Multi-GNN architectures for Anti-Money Laundering.
Apache License 2.0
38 stars 16 forks source link

Multi-GNN

This repository contains all models and adaptations needed to run Multi-GNN for Anti-Money Laundering. The repository consists of four Graph Neural Network model classes (GIN, GAT, PNA, RGCN) and the below-described model adaptations utilized for financial crime detection in Egressy et al.. Note that this repository solely focuses on the Anti-Money Laundering use case. This repository has been created for experiments in Provably Powerful Graph Neural Networks for Directed Multigraphs [AAAI 2024] and Realistic Synthetic Financial Transactions for Anti-Money Laundering Models [NeurIPS 2023].

Setup

To use the repository, you first need to install the conda environment via

conda env create -f env.yml

Then, the data needed for the experiments can be found on Kaggle.

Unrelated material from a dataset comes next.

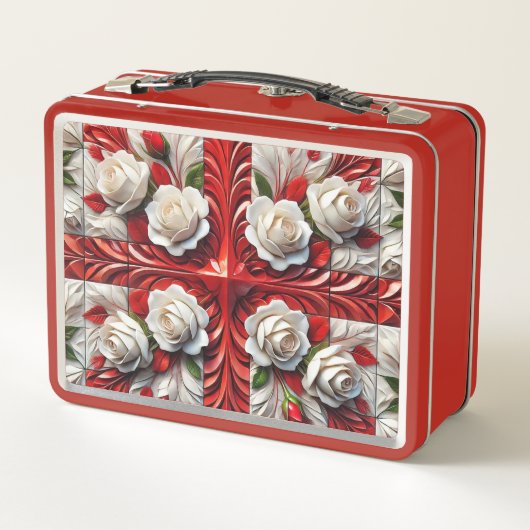 Lunchbox en métal inoxydable avec design Rose angl (Dos)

To use this data with the provided training scripts, you first need to perform a pre-processing step for the downloaded transaction files (e.g. HI-Small_Trans.csv):

python format_kaggle_files.py /path/to/kaggle-files/HI-Small_Trans.csv

Make sure to change the filepaths in the data_config.json file. The aml_data path should be changed to wherever you stored the formatted_transactions.csv file generated by the pre-processing step.

Usage

To run the experiments you need to run the main.py function and specify any arguments you want to use. There are two required arguments, namely --data and --model. For the --data argument, make sure you store the different datasets in different folders. Then, specify the folder name, e.g --data Small_HI. The --model parameter should be set to any of the model classed that are available, i.e. to one of --model [gin, gat, rgcn, pna]. Thus, to run a standard GNN, you need to run, e.g.:

python main.py --data Small_HI --model gin

Then you can add different adaptations to the models by selecting the respective arguments from:

| Argument | Description | | -------------- | ---------------------------- | | `--emlps` | Edge updates via MLPs | | `--reverse_mp` | Reverse Message Passing | | `--ego` | Ego ID's to the center nodes | | `--ports` | Port Numberings for edges |

Thus, to run Multi-GIN with edge updates, you would run the following command:

python main.py --data Small_HI --model gin --emlps --reverse_mp --ego --ports

Additional functionalities

There are several arguments that can be set for additional functionality. Here's a list with them:

| Argument | Description | | -------------- | ---------------------------------------------------------------------------------------------------------------------------------------------------------| | `--tqdm` | Displays a progress bar during training and inference. | | `--save_model` | Saves the best model to the specified `model_to_save` path in the `data_config.json` file. Requires argment `--unique_name` to be specified. | | `--finetune` | Loads a previously trained model (with name given by `--unique_name` and stored in `model_to_load` path in the `data_config.json`) to be finetuned. | | `--inference` | Loads a previously trained model (with name given by `--unique_name` and stored in `model_to_load` path in the `data_config.json`) to do inference only. |

Licence

Apache License Version 2.0, January 2004